Very noticeable difference between the shots. I don't recall seeing such cases with my E-PL2. I guess there isn't much you can do since you have no access to the algorithm.

One thing I am asking myself is how much other camera than the E-M5 would differ in these scenes or if there is something about the scenes/examples that leads to just the same expected outcome. I am struggling with flash and flash/mixed lighting anyway, but the first example was purely lit via daylight coming through the window.

There can't be pure daylight indoors, unless all objects inside completely lack colors. Part of the light is always reflected.

Another thing that may explain differences in the first shots - color response curves may vary for different ISO sensitivity. The second shot was made at ISO12800. At that ISO dynamic range and color depth are too low. Simply speaking, there aren't many colors left to choose from.

It would be interesting to see what a grey card sample would tell about these scenes. You can capture it from/with different angels/lenses/iso+aperture combinations to see if at least the light reflected from the card has changed and to what extent. It's a simulation of course, just in an attempt to rule out the effect of some parameters.

I hoped that someone else would already have gathered that intel about the E-M5's (+lens) WB behavior. Especially since I already analyzed so many aspects of this camera and shared the information that I thought this information might be available from others for a change.

I don't have intel, just some thoughts, which, I think, are logical,

When shooting in artificial light there are always two choices for AutoWB - (1) to adjust WB on photo so that skin tones looked as they were in natural light and (2) - to preserve light spectrum so photo would show what the light looked like in reality. Often there is no ideal WB setting, especially if your light has some color cast (and it always will have color cast because walls are rarely perfectly gray and the light is partially reflected from walls).
Camera may try to choose (1) but it may be too hard job because it doesn't know the exact light spectrum.
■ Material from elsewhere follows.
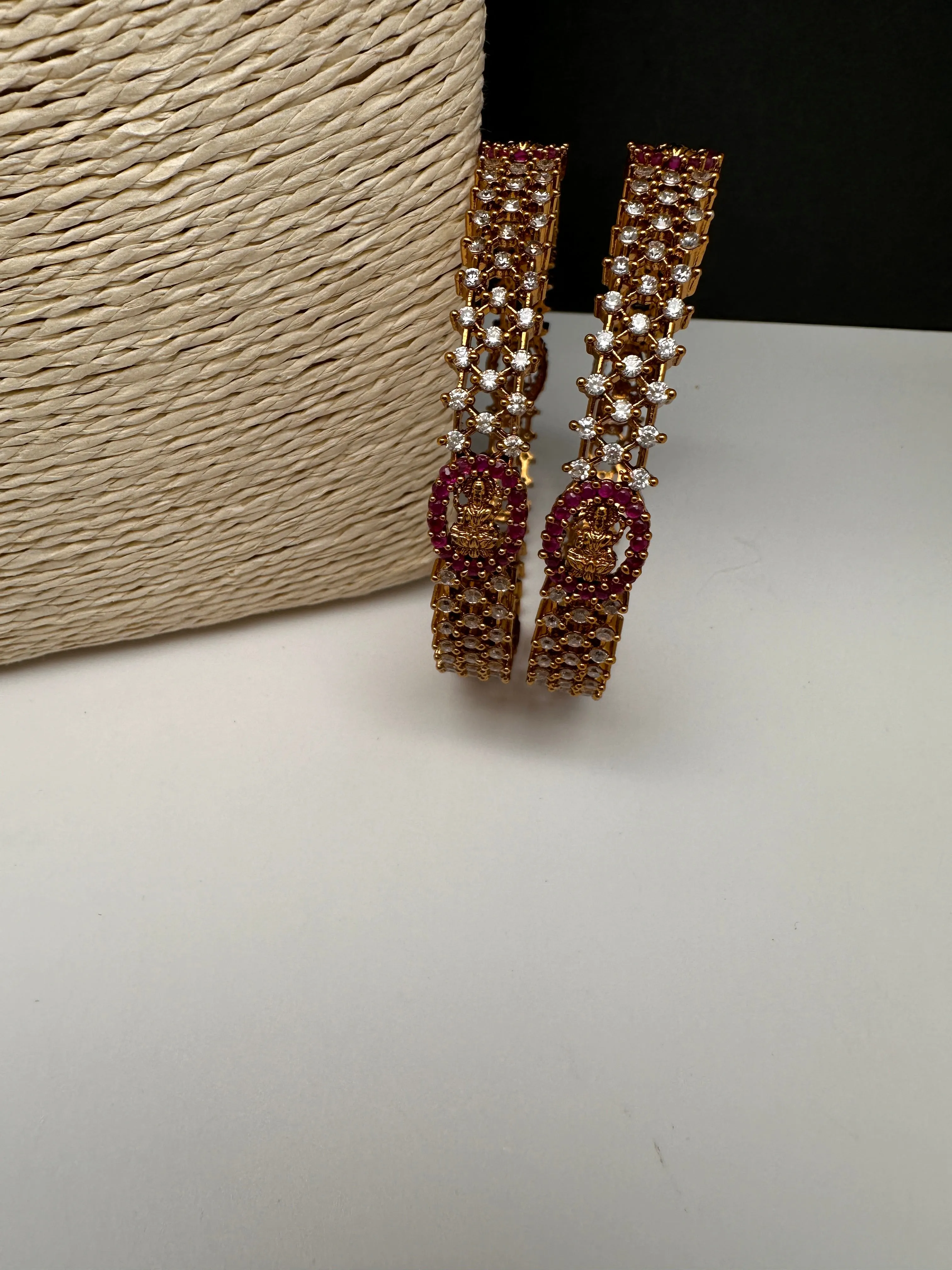 Matte CZ Goddess Lakshmi Bangles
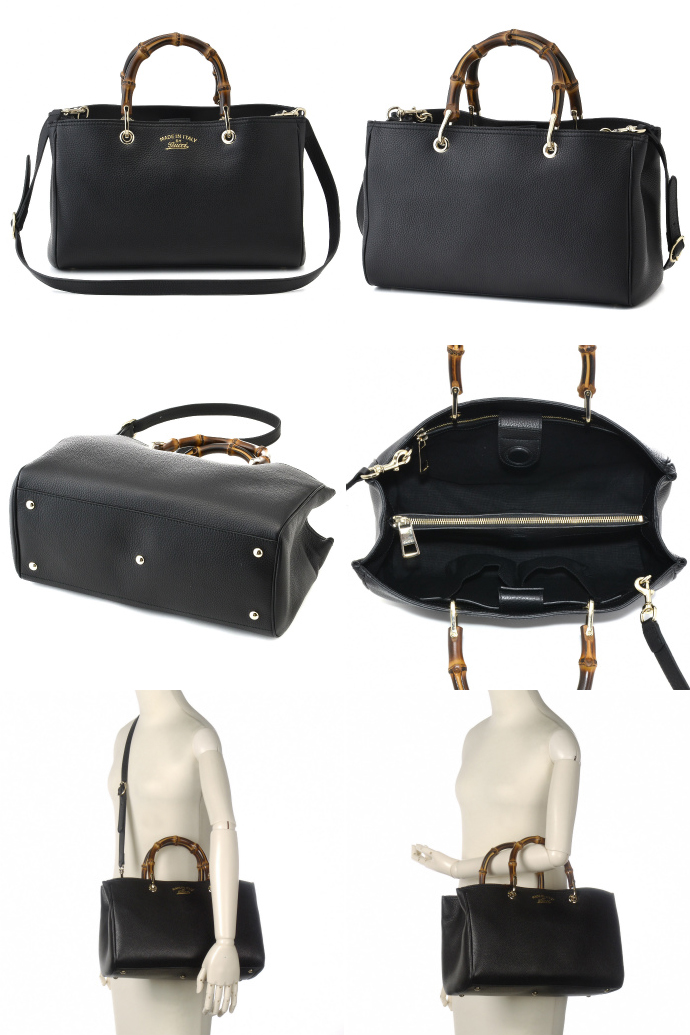 グッチ GUCCI 2015年秋冬新作 Bamboo Shopper 2WAYトートバッグ 323660 A7M0G 1000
Now, you were saying that your halogen lights are rated at 2900-3000K. It's important to realize that this may not be the case after the lights were mounted in your particular room. As I tried to explain in my previous post the light spectrum will change after it's reflected from walls, ceiling, clothes and other objects that aren't neutral. The light mix will change after you change camera position resulting different WB value. This should explain inconsistency in Auto WB results.

Grey card may help getting better starting point but it's not always a panacea. If you take first shot with grey card and second shot without it, proportion between reflected and direct light may change because of different camera angle and this will affect WB. If you put gray card at the frame edge intending to crop it, the edge may be lit differently from your subject, again resulting different WB.

There is a benefit in having people wearing clothes with some white piece of fabric - you can use it as reference point. And even slightly pink dress may affect illumination of the face, making the job of AutoWB harder.

AutoWB works well in natural light, especially when you have all 3 RGB colors in the frame as a reference. But, it's hard to expect good results from AutoWB when light spectrum is shifted and you have one or two colors dominating the scene.

As an example, I think purple baby bath tub in your second two shots does a good job of confusing the camera. Decent amount of purple-colored light falls on the sides of the face, making it lit differently from face front. But, there is only one WB value applicable to whole scene. Camera tried to find compromise but it might be too hard job to succeed.

With that said, I think Auto WB works well on E-M5 and Pens. It is not perfect in difficult conditions, of course, but at least it mostly provides reasonable starting point. Compare E-M5 with Lightroom AutoWB. E-M5 in-camera AWB is almost always much closer to reality despite the fact that PC has more resources and time to estimate WB.

Another thing - E-M5 has much greater color depth than earlier Pens or Fuji X10. Because of that it will make slight WB errors more apparent.